In [1]:
# Import parquet file with pySpark
from pyspark.sql import SparkSession

# Create a spark session
spark = SparkSession.builder.appName("parquet").getOrCreate()

# Read parquet file
df = spark.read.parquet("ml_data_train.parquet")

# Show the data
df.show()


+------------------+--------------+--------------------------+--------------------+--------------------------+-----------------------+-----------------------+------------+
| src_subnet_hashed|dst_subnet_vec|scaled_bytes_pkts_features|scaled_flow_duration|scaled_throughput_features|scaled_pkt_len_features|scaled_tcp_win_features|attack_index|
+------------------+--------------+--------------------------+--------------------+--------------------------+-----------------------+-----------------------+------------+
|(1024,[906],[1.0])|(94,[0],[1.0])|      [-0.0513064471342...|[-0.4789529772200...|      [-0.0125662332574...|   [-0.4592399504915...|   [-0.4787111328395...|         1.0|
|(1024,[906],[1.0])|(94,[0],[1.0])|      [-0.0513064471342...|[-0.4789529772200...|      [-0.0125662332574...|   [-0.4592399504915...|   [-0.4787111328395...|         1.0|
|(1024,[906],[1.0])|(94,[0],[1.0])|      [-0.0517375603737...|[-0.4789529772200...|      [-0.0125662862983...|   [-0.4676085019167...|   [-0

#### Feature Scalling
Feature scaling can play a crucial role in optimizing the performance of machine learning models, especially those sensitive to the scale of input data.
Applying feature scaling to the right variables essential for improving model accuracy and efficiency. It ensures that each feature contributes equally to the decision-making process, preventing models from misinterpreting the data due to arbitrary feature scales. This leads to better, more reliable predictions in multiclass classification tasks.
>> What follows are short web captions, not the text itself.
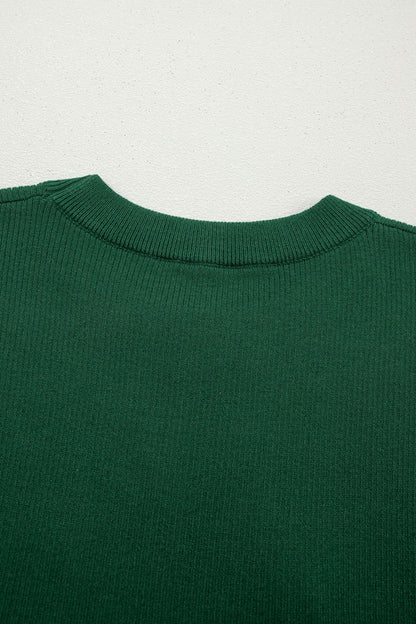 Blackish Green Horseshoe Graphic Western Short Sleeve Sweater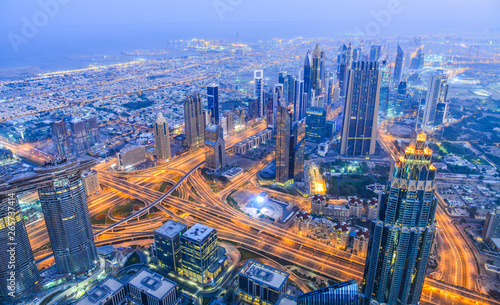 Aerial view of Dubai City at night © Phuong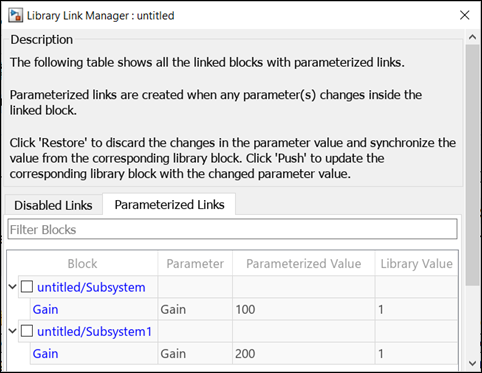 View of Library Link Manager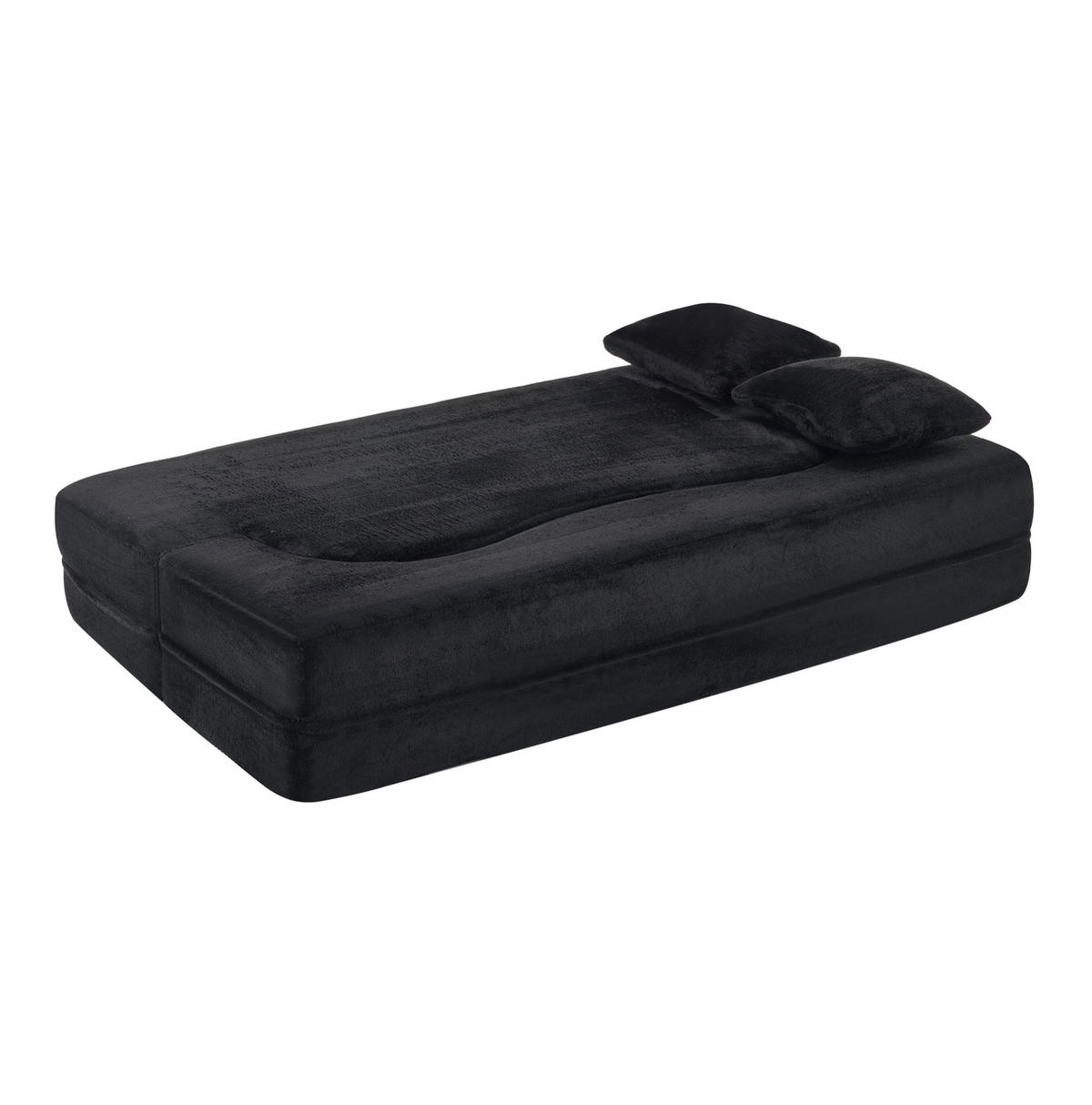 SCHLAFSOFA 2-in-1 faltbar Schwarz mit 2 Kissen - Schwarz, Kunststoff (180/70/55cm) - Meubliv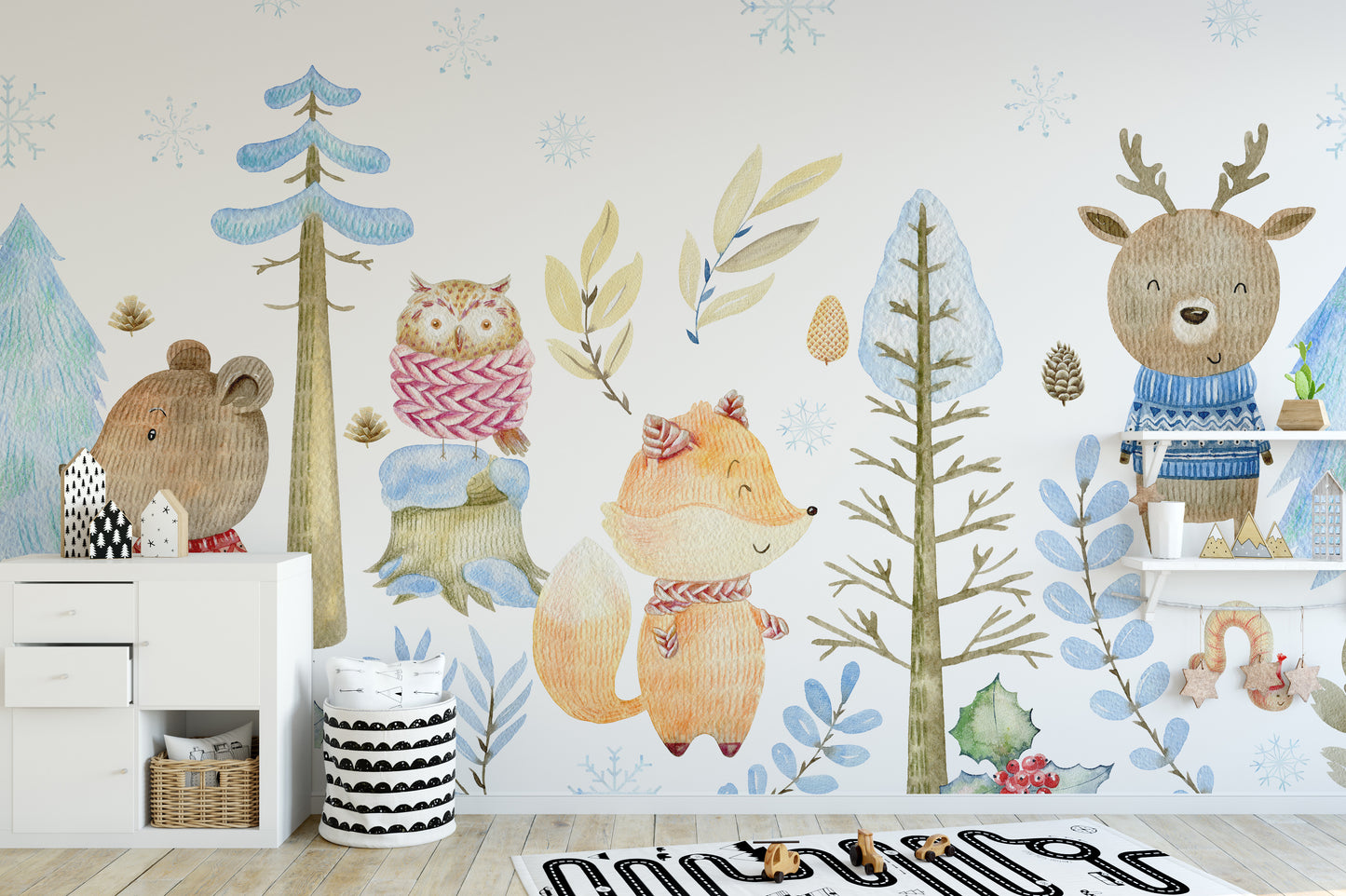 Watercolor Winter Forest Wildlife Wallpaper - Giffywalls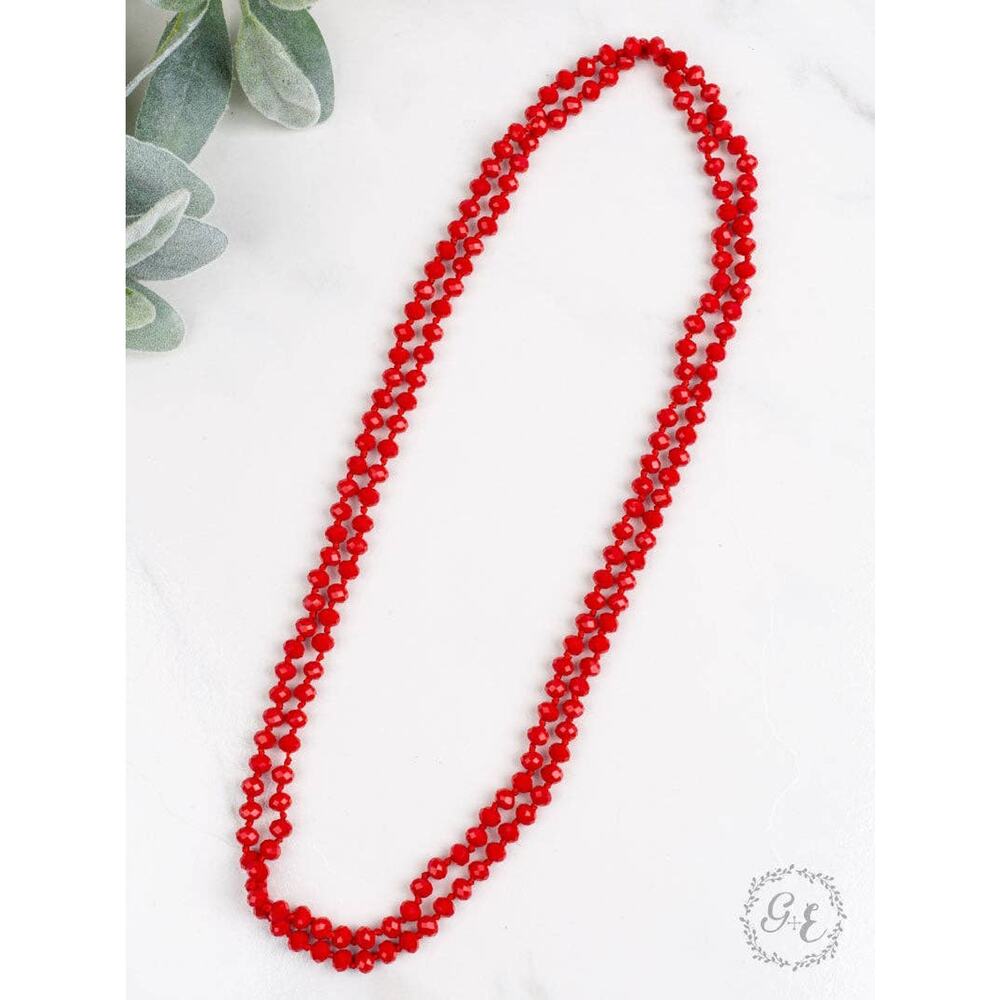 The Essential 60 inch Double Wrap Beaded Necklace, True Red 8MM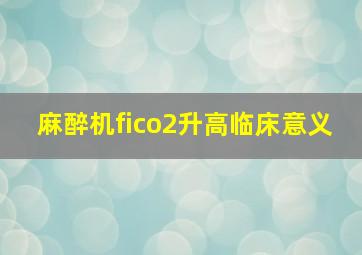 麻醉机fico2升高临床意义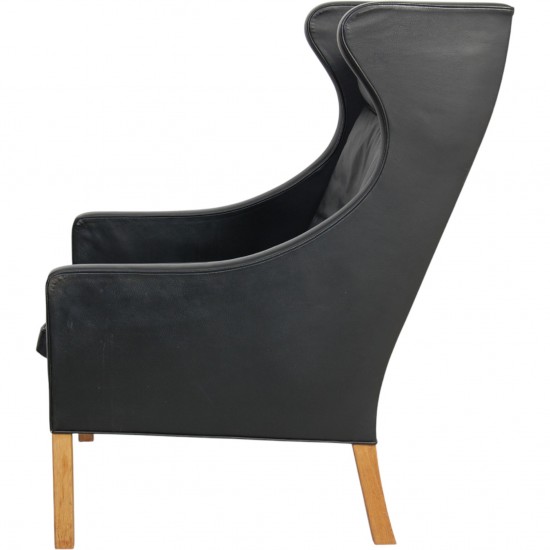 Børge Mogensen 2204 Øreklapstol i sort læder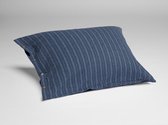 Yumeko kussensloop velvet flanel denim blauw stripe 60x70  - Biologisch & ecologisch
##### Numerical Variables with Different Scales:

In [2]:
from pyspark.ml.feature import VectorAssembler

# Preparar os dados com VectorAssembler
feature_columns = ['scaled_bytes_pkts_features', 'scaled_flow_duration', 'scaled_throughput_features', 'scaled_pkt_len_features', 'scaled_tcp_win_features']
assembler = VectorAssembler(inputCols=feature_columns, outputCol="features")
df_assembled = assembler.transform(df)

In [3]:
from pyspark.ml.classification import RandomForestClassifier, NaiveBayes, LogisticRegression, MultilayerPerceptronClassifier

# Definir o Random Forest
rf = RandomForestClassifier(labelCol="attack_index", featuresCol="features", numTrees=10)

# Definir o Naive Bayes
#nb = NaiveBayes(labelCol="attack_index", featuresCol="features")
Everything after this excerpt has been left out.